Conference examines the histories of capitalism
By Linda B. Glaser
More than 100 scholars from around the country shared their research and offered new perspectives at the Histories of Capitalism 2.0 conference, held at Cornell Sept. 29-Oct. 1.
The event built on last year’s conference (the first for the field), highlighting the diversity of the histories of capitalism(s) through a variety of perspectives – intellectual, gender, environmental history, as well as the history of science and technology. Historically oriented economists, legal scholars, and political theorists also participated in the conference.
“We can’t talk about income inequality, trade or employment practices around the world without understanding how capitalism has evolved over time; and we can’t possibly understand the increasingly complicated structures of our political and financial institutions and our global economy without a clear understanding of capitalism’s origins and influence,” said Gretchen Ritter '83, the Harold Tanner Dean of Arts and Sciences.

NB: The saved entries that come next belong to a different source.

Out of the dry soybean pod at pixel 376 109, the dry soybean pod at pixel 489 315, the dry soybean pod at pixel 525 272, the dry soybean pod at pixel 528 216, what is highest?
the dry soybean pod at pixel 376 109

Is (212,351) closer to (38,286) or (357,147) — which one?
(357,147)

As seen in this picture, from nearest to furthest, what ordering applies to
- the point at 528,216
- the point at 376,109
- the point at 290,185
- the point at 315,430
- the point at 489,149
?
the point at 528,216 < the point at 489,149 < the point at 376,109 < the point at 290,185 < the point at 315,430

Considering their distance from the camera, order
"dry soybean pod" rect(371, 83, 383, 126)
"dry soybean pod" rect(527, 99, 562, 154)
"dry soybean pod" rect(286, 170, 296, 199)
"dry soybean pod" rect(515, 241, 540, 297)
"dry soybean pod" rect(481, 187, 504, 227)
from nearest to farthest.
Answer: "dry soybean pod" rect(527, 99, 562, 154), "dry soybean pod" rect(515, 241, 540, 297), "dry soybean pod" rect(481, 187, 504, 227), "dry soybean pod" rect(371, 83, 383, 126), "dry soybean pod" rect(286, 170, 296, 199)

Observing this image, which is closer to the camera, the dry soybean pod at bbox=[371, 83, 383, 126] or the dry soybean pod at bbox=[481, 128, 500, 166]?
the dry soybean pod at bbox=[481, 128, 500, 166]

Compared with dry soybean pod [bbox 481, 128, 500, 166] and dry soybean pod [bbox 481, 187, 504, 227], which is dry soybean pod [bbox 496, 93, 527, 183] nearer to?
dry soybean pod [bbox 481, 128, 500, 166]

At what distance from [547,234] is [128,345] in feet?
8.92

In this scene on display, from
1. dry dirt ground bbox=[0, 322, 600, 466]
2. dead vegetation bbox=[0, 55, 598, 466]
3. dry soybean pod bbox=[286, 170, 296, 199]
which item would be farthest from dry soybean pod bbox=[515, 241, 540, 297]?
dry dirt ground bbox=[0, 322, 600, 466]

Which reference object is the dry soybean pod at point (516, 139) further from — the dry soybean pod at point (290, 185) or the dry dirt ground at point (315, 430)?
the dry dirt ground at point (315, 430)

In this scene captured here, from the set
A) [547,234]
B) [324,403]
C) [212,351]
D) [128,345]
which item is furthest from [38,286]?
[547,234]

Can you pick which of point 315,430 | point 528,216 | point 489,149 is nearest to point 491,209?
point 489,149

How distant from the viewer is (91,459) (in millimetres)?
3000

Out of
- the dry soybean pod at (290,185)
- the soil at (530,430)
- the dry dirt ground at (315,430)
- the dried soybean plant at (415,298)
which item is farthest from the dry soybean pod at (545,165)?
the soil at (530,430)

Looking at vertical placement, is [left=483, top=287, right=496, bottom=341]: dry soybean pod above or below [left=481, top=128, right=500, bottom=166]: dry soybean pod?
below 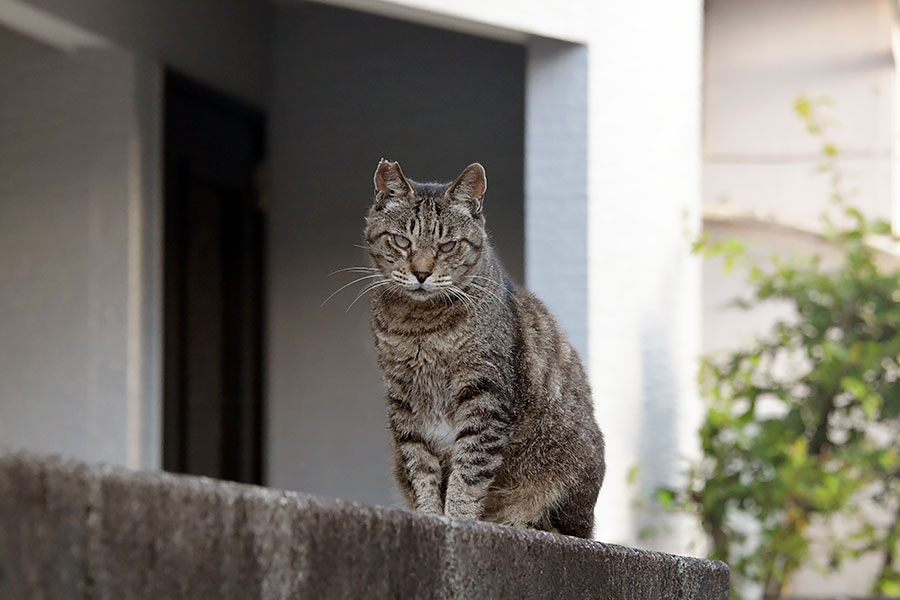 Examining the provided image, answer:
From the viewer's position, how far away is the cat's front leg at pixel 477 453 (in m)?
2.33

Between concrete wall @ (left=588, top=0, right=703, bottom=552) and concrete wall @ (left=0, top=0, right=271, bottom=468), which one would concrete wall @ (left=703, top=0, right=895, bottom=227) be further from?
concrete wall @ (left=0, top=0, right=271, bottom=468)

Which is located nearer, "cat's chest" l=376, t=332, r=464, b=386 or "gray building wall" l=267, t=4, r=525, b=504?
"cat's chest" l=376, t=332, r=464, b=386

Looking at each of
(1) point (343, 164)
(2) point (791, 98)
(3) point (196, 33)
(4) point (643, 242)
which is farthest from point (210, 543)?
(2) point (791, 98)

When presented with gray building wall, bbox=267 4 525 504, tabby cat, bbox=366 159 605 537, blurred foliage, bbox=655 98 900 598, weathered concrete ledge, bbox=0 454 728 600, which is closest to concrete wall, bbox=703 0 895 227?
blurred foliage, bbox=655 98 900 598

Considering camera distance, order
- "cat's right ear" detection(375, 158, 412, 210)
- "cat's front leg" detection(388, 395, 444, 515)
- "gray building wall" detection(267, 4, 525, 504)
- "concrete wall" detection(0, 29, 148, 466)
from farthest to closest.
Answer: "gray building wall" detection(267, 4, 525, 504) → "concrete wall" detection(0, 29, 148, 466) → "cat's front leg" detection(388, 395, 444, 515) → "cat's right ear" detection(375, 158, 412, 210)

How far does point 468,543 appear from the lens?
1.52 m

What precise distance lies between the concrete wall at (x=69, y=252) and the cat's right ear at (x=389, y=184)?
7.10 ft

Ritter stressed how critical Cornell’s interdisciplinary collaboration is to understanding the history of capitalism, “because the study of history rests firmly at the intersection of the social sciences and the humanities.”
As Lawrence Glickman, the Stephen and Evalyn Milman Professor of American Studies in the Department of History in the College of Arts and Sciences, noted, “Cornell was doing history of capitalism before it was ‘cool.’” Glickman co-organized the conference with Louis Hyman, associate professor and director of the ILR School’s Institute for Workplace Studies.
Plenary speakers Kirsten Mullen and William “Sandy” Darity of Duke University addressed the topic of reparations for African-Americans. They said the acronym in the title of their presentation, “The ARC of Justice: Reparations for African Americans,” stood for three essential terms for reparations: apology, restitution and closure.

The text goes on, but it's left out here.